My work is distinctly feminist, with an emphasis on decolonisation. It is meant to be accessible and educational, and draws on academic sources, community leaders and educators, personal experience, and the people around me. My expertise is reflective of a collective expertise, just as much as my own experience, education, and research.
I have given over a dozen conference presentations at domestic and international meetings, since beginning a PhD in 2015.
Speaking at conferences has refined my public speaking skills and ability to craft specialised talks. I have experience as a speaker across a range of audiences and modes including media commentary and interviews, public talks, workshops, and in classroom settings.
As a PhD candidate, I write every day. Writing and rewriting a large manuscript, and smaller ones too, is at the crux of what I do as a doctoral researcher. My writing style is largely academic but is meant to be accessible, in a clear departure from the convoluted and overly complicated writing that academia is known for.
I have experience writing reports for industry, funding applications, literature reviews, and informative blog content, as well as academic publications. I am also familiar with writing for websites, including social media in my work as an event organiser, representative, and in other community-building work.
I have over five years of teaching experience across community and tertiary spaces.
This has included mentorship and assisting with academic skills in my role as a volunteer coordinator of a Learning Club for non-profit, The Smith Family. Students were largely from working-class and migrant backgrounds, including refugees and first-generation Australians. For many students, this space was the only opportunity they had outside of school to access the internet and homework help. The Learning Club was popular and well attended by a range of students from nearby secondary schools. I developed good working relationships with many of the students and was able to see them progress over time, including realising their goals of going to university.
The bulk of my teaching experience is as a sessional teaching assistant across two South Australian universities. I have experience teaching undergraduate students in tutorials and workshop settings across Gender Studies and Sociology. Additionally, I have taught several workshops on academic skills that I designed and facilitated for postgraduate and early career academics.
Recently, I have begun developing and delivering workshops for general audiences based on my doctoral research, specifically on gender and power, sex and consent, and sexual violence. For example, I delivered a two-hour workshop on consent and power to student leaders at a residential college that I had designed specifically for them.
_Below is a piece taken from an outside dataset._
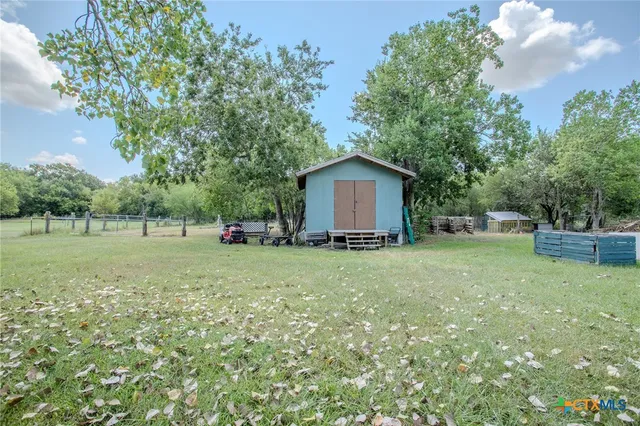 a view of a house with backyard and tree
My research expertise is in Gender Studies, although I have experience researching across Social Sciences.
I have assisted on 10 separate projects on diverse topics ranging from older women and homelessness; young queer peoples’ conceptualisation of care; diversity and inclusion policies in higher education; female caregivers who abuse children; sport and development policy; and evaluations of funding for women’s sport participation.
My specific research interests are in masculinity, sex, and sexual violence in the context of sport and other popular cultures. I am interested in taken-for-granted norms that aid in the spread of gendered misunderstandings that surround sex and sexual violence.
I have also published a number of sole and co-authored academic articles and chapters. Most of my published work is on media, popular culture (including sport), and violence against women.